Fentimans Traditional Tonic Water
Fentimans started in 1905 when Thomas Fentiman botanically brewed ginger beer which he delivered door-to-door using a horse and cart for transport. All the drinks are ‘botanically brewed’ which refers to the process of putting botanicals into copper steam jacketed pans to infuse with herbs, sugar, brewer’s yeast and spring water, then allowed to ferment in wooden vats. The tonic has a bitter lemon taste with a soapy nose and a long dry finish. This tonic water is made from a fermented grain base and flavoured with lemongrass and purified chinchona bar, both from India.
Six o’Clock Indian Tonic Water
Produced near Bristol by a family business that specialises in fruit liqueurs made using fruit from their own farms, this tonic contains quinine and extracts of lemon and lime and is made without artificial sweeteners, preservatives or flavourings. Slight lemon notes, biscuity nose and the quinine comes through nicely on the finish.

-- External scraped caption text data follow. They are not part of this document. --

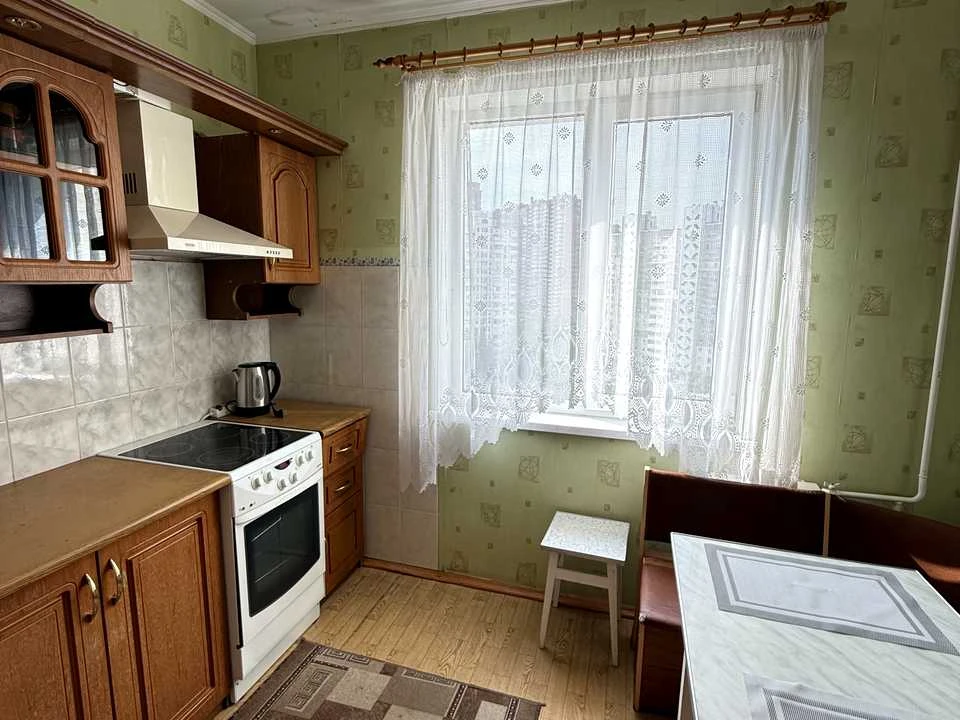 Квартира. Київ, Анни Ахматової вул.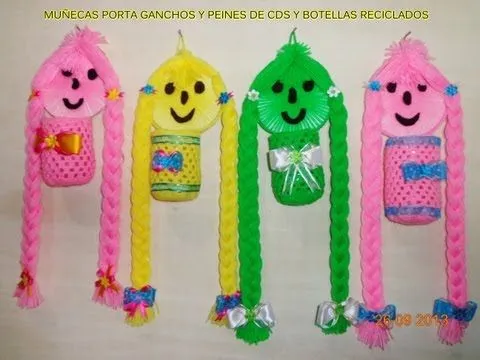 MUÑECAS PORTA PEINES Y GANCHOS DE CDS Y BOTELLAS RECICLADAS PASO A ...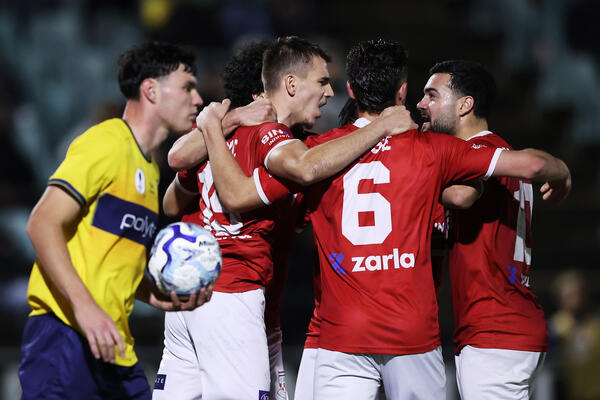 Extraordinary penalty Cupset headlines matchday 4 of Round of 32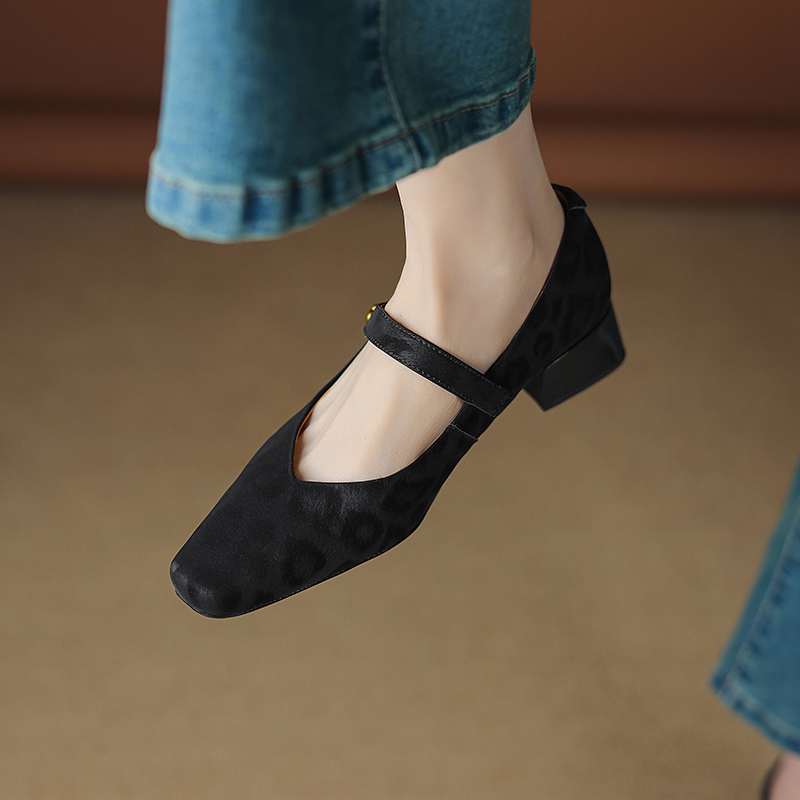 Krazing Pot Sheep Skin Summer Spring Autumn Med Heels Buckle Straps Women Leopard Patterns Square Toe Shallow Pumps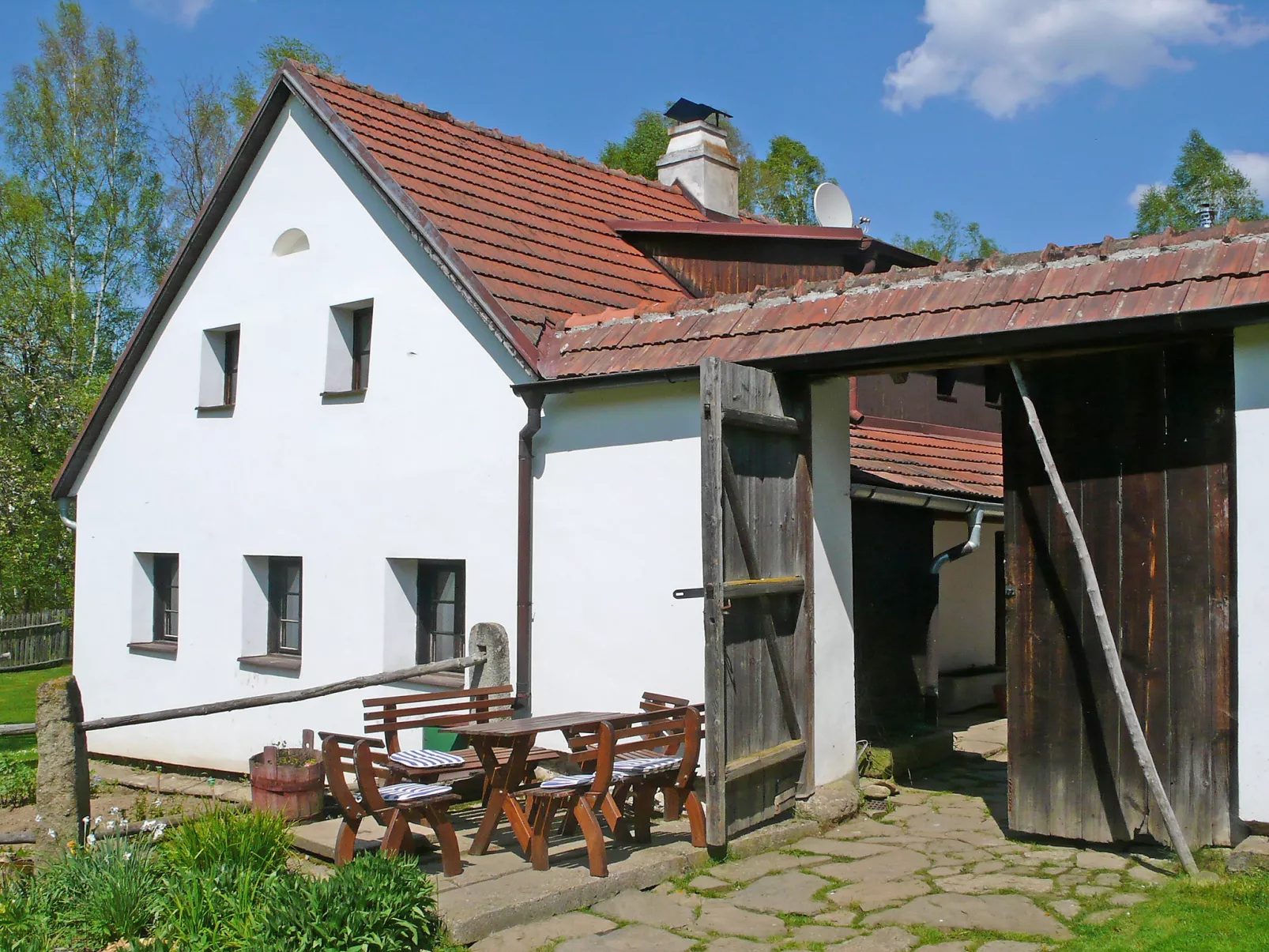 Benešov nad Černou-Outside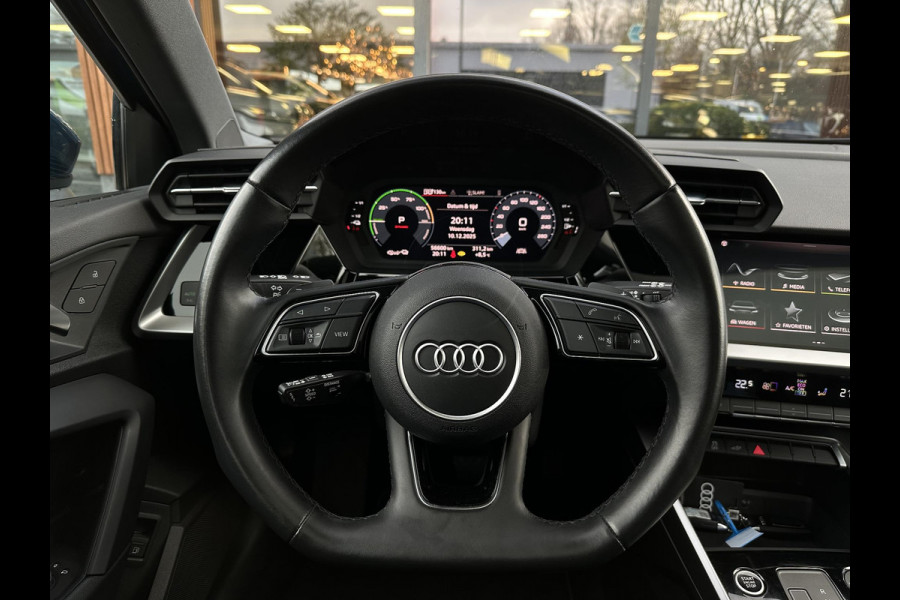 Audi A3 Sportback 40 TFSI e Edition 204 PK Panoramadak Adaptive Cruise LED DAB+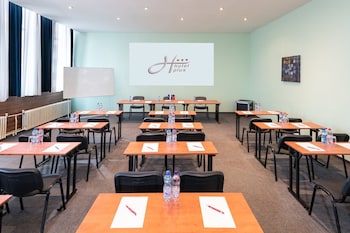 Hotel Plus,Ruzinov>>Bratislava,3 star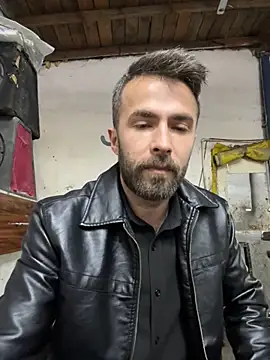 Snapshot of S-kt-et chatting on November 4, 2025, 6:28 am S-kt-et online show from November 4, 2025, 6:28 am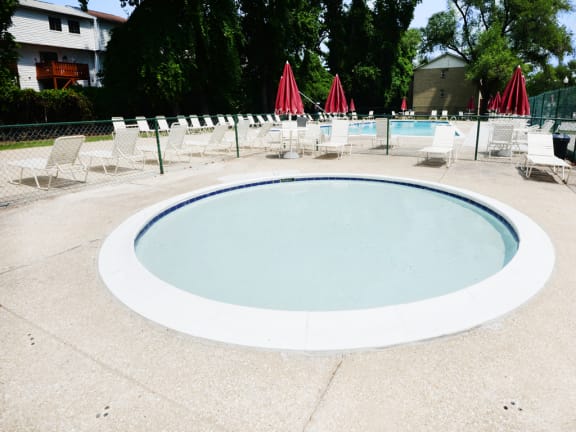 Rockdale Gardens Apartments swimming and kiddie pools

John’s Premium Tonic Syrup
Handmade in small batches in Arizona, with 100% natural ingredients and an organic amber nectar. Incredibly botanical in flavour. The quinine strikes first with layered citrus notes that follow and a subtle sweet finish. Packaged as a syrup to eliminate high postage and product going flat, all you add is soda water. A truly premium tonic to be had with the best of gins.